Detective Maurice testified that the defendant Barnes and Lee Kelly were taken into custody between 5:30 and 6:00 p.m. on August 15, 1978. The detective and his partner, without their guns drawn, approached the defendant and Kelly, who were standing in a group of four or five people on the corner of Nostrand and Lexington Avenues. Detective Maurice identified himself and told Kelly and Barnes that he was taking them to the station house. Kelly asked what it was all about. The detective told him to get into the police car and he would tell him. Kelly got into the car. Barnes asked where he was going, why he was going, and what it was all about. The detective told him that it was about a robbery and told him to get into the police car. Barnes then asked if he was being taken "just like that.” The detective told him yes; Barnes said "O.K.” and got into the car. Detective Maurice handcuffed the two together but did not search them; and took them to the 77th Precinct. He does not remember saying anything to either Barnes or Kelly in the car.
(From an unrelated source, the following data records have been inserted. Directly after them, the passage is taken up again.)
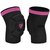 Наколенники спортивные RDX Hosiery Knee Foam K5 Black/Pink S (HYP-K5BP-S), Размер: S, Цвет: Чёрный/Розовый, изображение 3
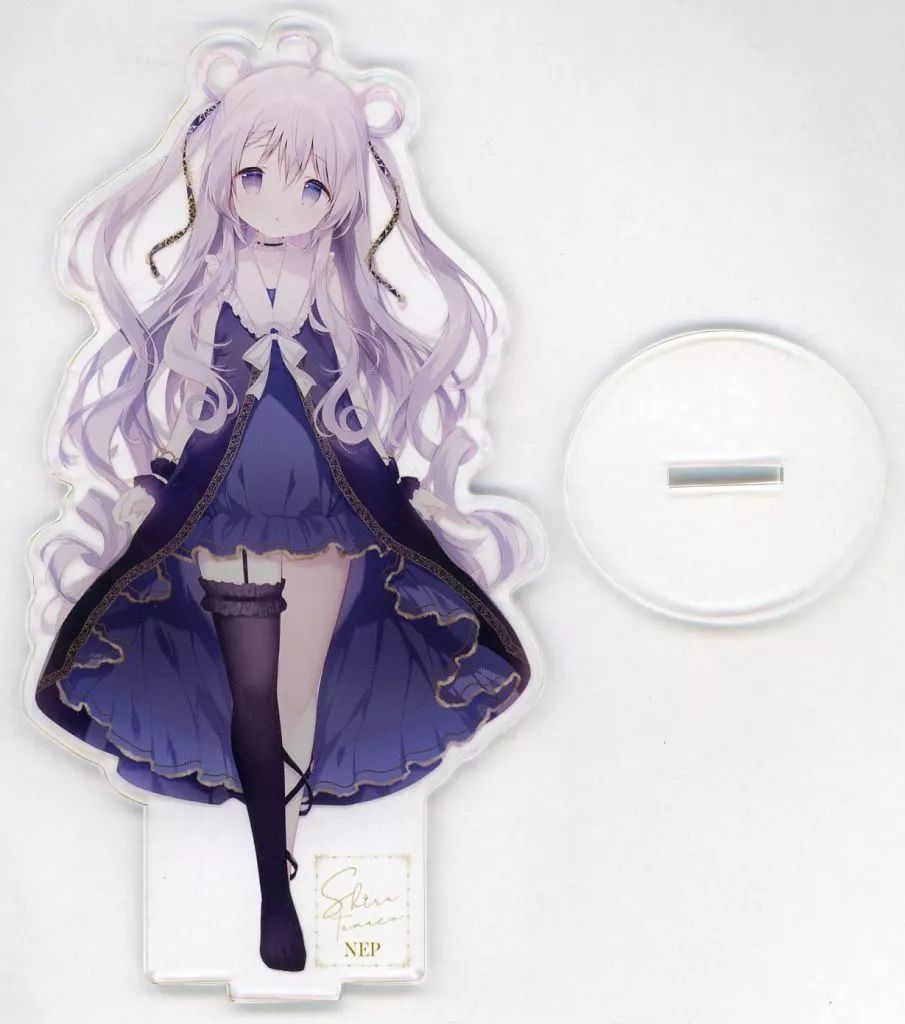 【中古】アクリルスタンド・アクリルパネル 【オリジナル】アクリルスタンド ねぷ(しらたま) FANBOX継続特典/しらたまこ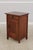 Arts & Crafts Pair Stickley Arts & Crafts Cherry Nightstands For Sale - Image 3 of 15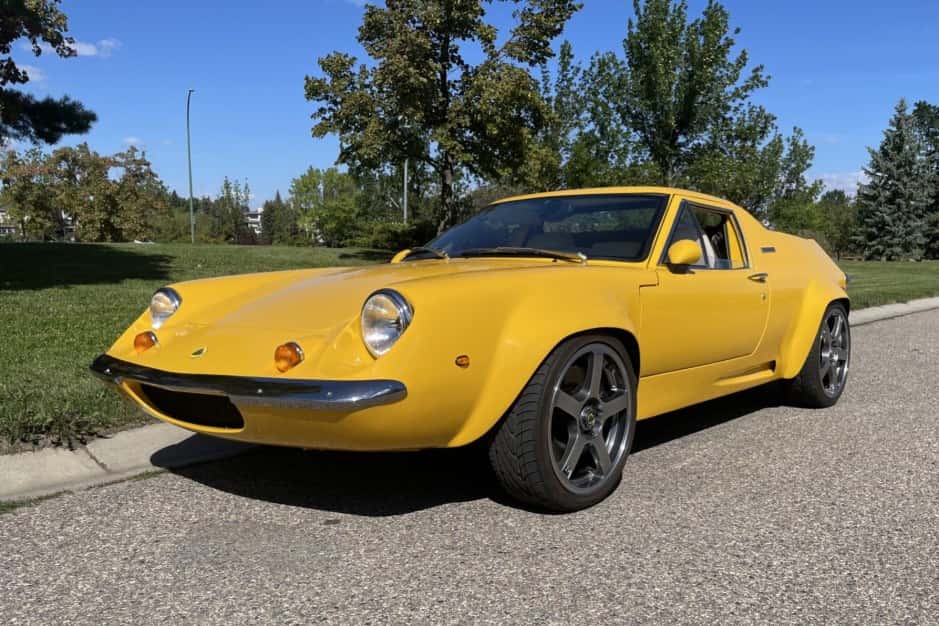 1973 Lotus Europa sold for $14,500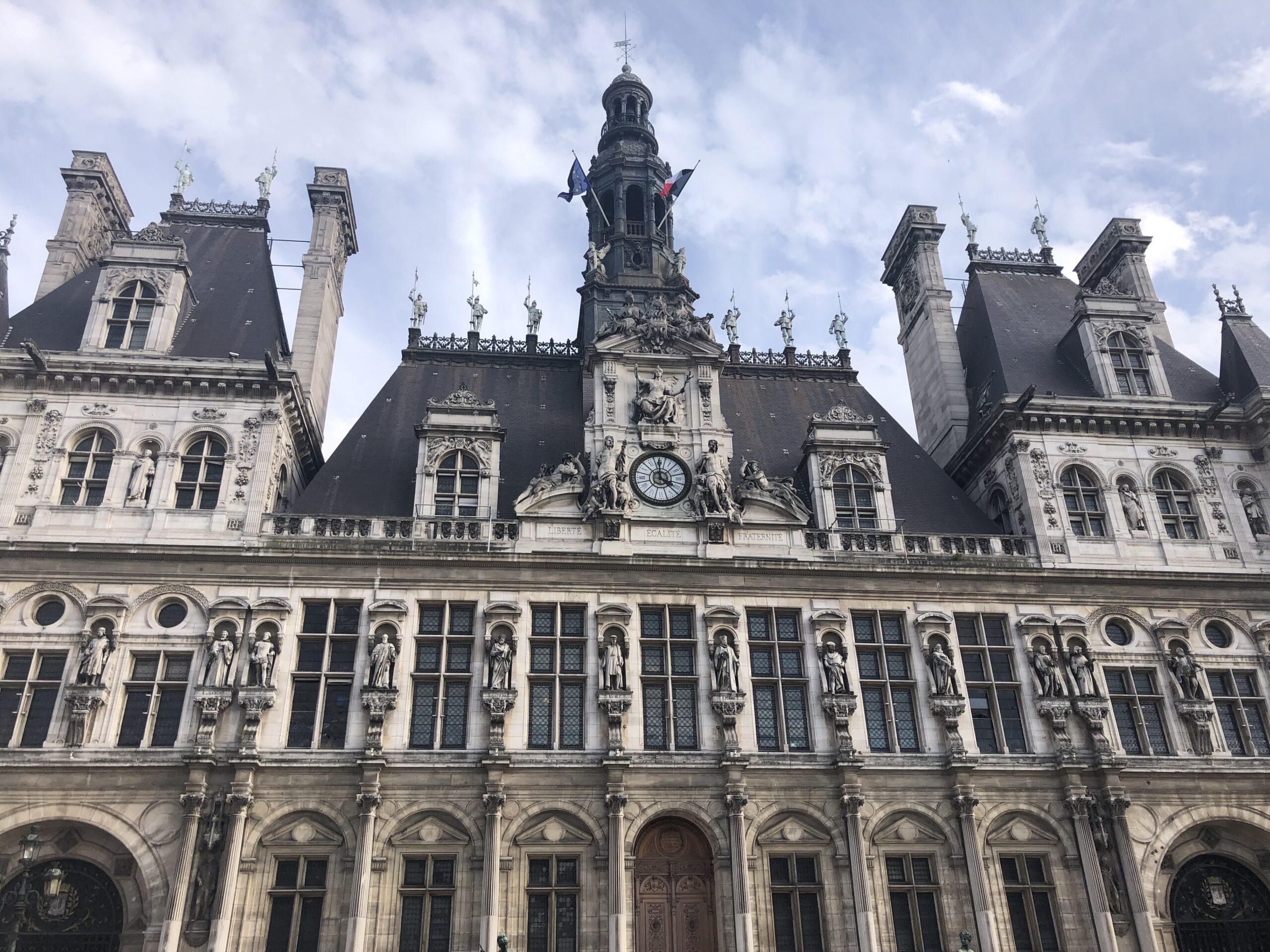 Le Marais District, Paris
At the precinct, the two were placed in separate rooms and handcuffed to a chair.

Later that evening the Pittmans identified a photo of Lee Kelly as the stabber; neither identified a photo of Barnes. The detective then informed the defendant that they were going to have á lineup. The defendant consented to stand in the lineup stating that he did not do anything. At about 10:30 p.m. the *82Pittmans viewed the lineup separately and each identified the defendant Barnes as the stabber.

The detective testified that later the same evening he told Lee Kelly that the defendant had implicated him as the stabber in the incident, which was untrue. Kelly then requested to speak to Assistant District Attorney Groman and told him that Barnes was the stabber and that all he had done was hold the victim. At 11:30 p.m., Assistant District Attorney Groman questioned the defendant for the first time. The defendant denied participation in the crime.

THE ISSUES

The evidence adduced at the hearings clearly established that the defendant was initially taken into custody without probable cause. The District Attorney commendably concedes as much. Had the defendant made an inculpatory statement at the station house, whether to Detective Maurice or Assistant District Attorney Groman, Dunaway (442 US 200, supra) would be applicable and such statement would be suppressed unless there was an attenuation of the taint. During the defendant’s illegal detention, however, identification procedures, photographic and corporeal were employed. As stated above, there were two identifications of the defendant as one of the perpetrators of the crime charged: (a) in the lineup, and (b) an in-court identification at the hearing.

This raises several issues which the court must decide in light of Dunaway.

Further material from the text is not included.